* [AIM OF THE TASK] A word-for-word copy of the records below is needed, without the images.

(Source records)
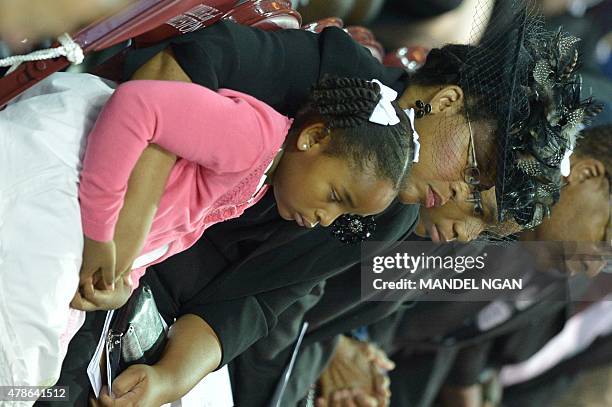 The wife of South Carolina State Sen. And Rev Clementa Pinckney, Jennifer, sits with daughters Malana and Eliana during his funeral, at the College...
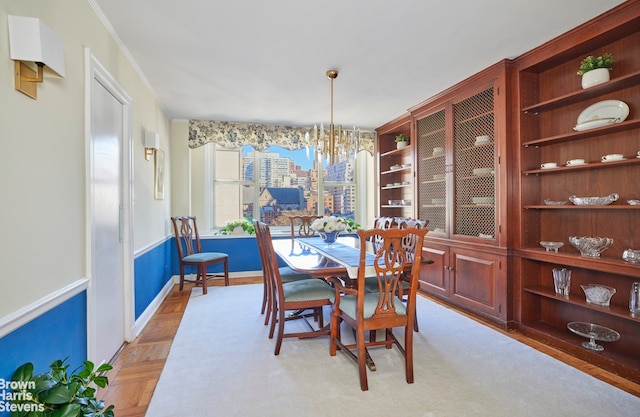 dining space featuring baseboards, a notable chandelier, and crown molding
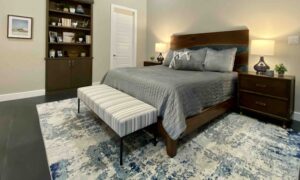 Modern hill country master bedroom Custom headboard in gray and blue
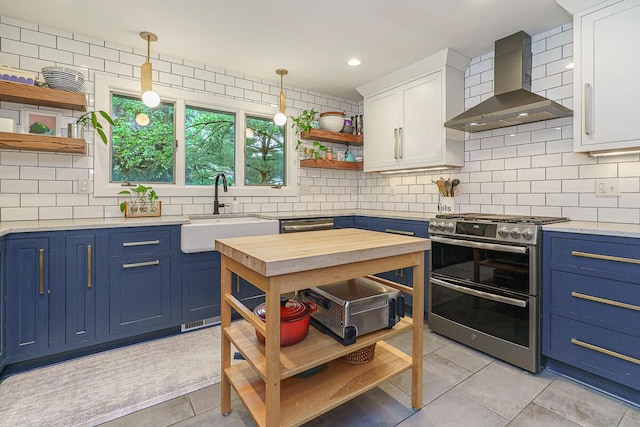 232 Hardy Way, Worthington, OH 43085 - kitchen with open shelves, wall chimney exhaust hood, blue cabinetry, range with two ovens, and recessed lighting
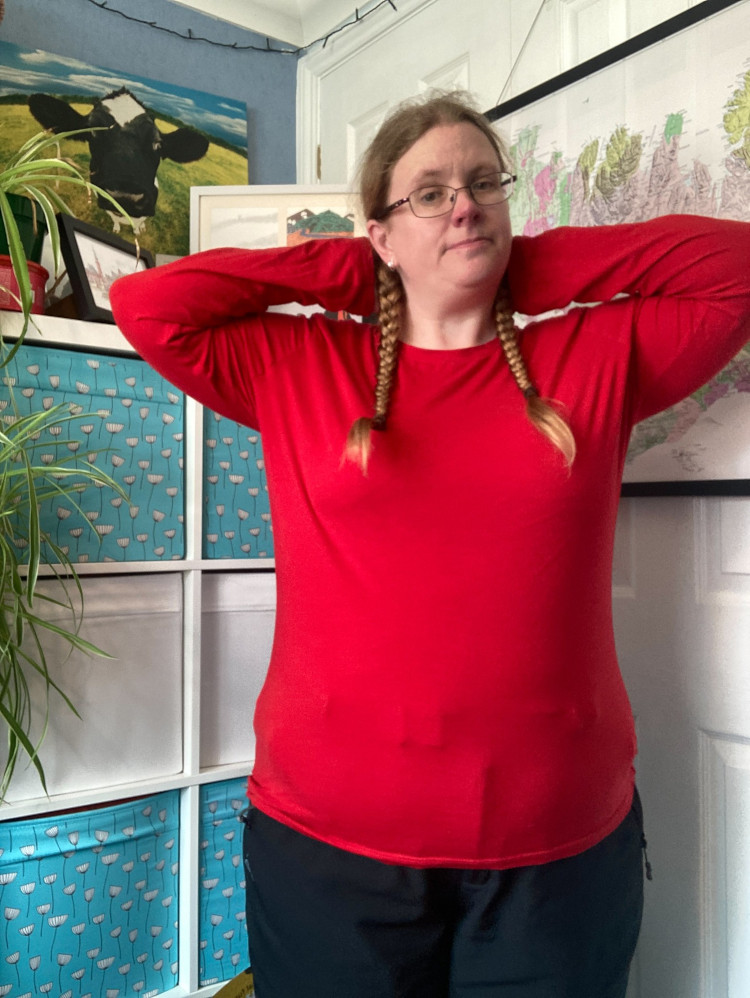 Me in my office wearing a long-sleeved bright red t-shirt top.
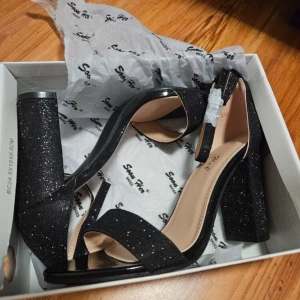 Svarta glittriga klackskor - Oanvända snygga svarta klackskor med glittrig yta och öppen tå. - storlek 37. - klackhöjd: 9,5cm. Skorna har en stabil klack och en elegant design.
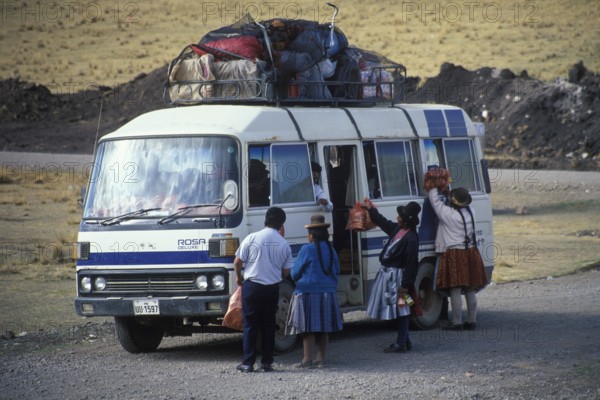 Women selling food on the side of the road to bus travelers, Andean highlands near Puno, Peru,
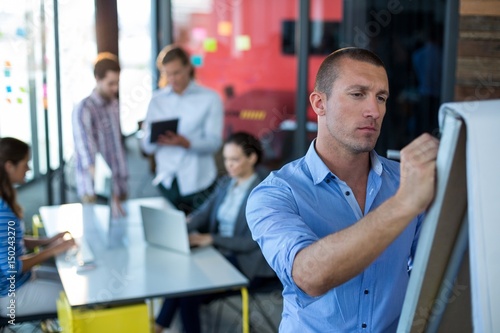 Attentive businessman writing on flip chart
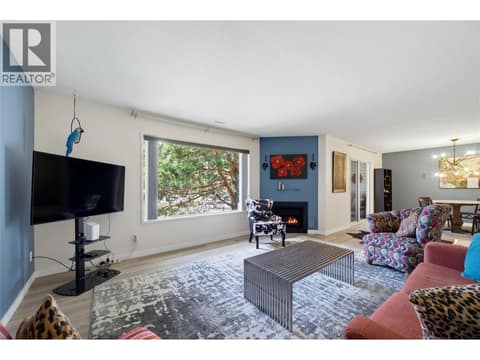 Fireplace has been virtually altered to have a flame at 2806 35 Street Unit# 207, City of Vernon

* [ANSWER]
 The wife of South Carolina State Sen. And Rev Clementa Pinckney, Jennifer, sits with daughters Malana and Eliana during his funeral, at the College...
 dining space featuring baseboards, a notable chandelier, and crown molding
 Modern hill country master bedroom Custom headboard in gray and blue
 232 Hardy Way, Worthington, OH 43085 - kitchen with open shelves, wall chimney exhaust hood, blue cabinetry, range with two ovens, and recessed lighting
 Me in my office wearing a long-sleeved bright red t-shirt top.
 Svarta glittriga klackskor - Oanvända snygga svarta klackskor med glittrig yta och öppen tå. - storlek 37. - klackhöjd: 9,5cm. Skorna har en stabil klack och en elegant design.
 Women selling food on the side of the road to bus travelers, Andean highlands near Puno, Peru,
 Attentive businessman writing on flip chart
 Fireplace has been virtually altered to have a flame at 2806 35 Street Unit# 207, City of Vernon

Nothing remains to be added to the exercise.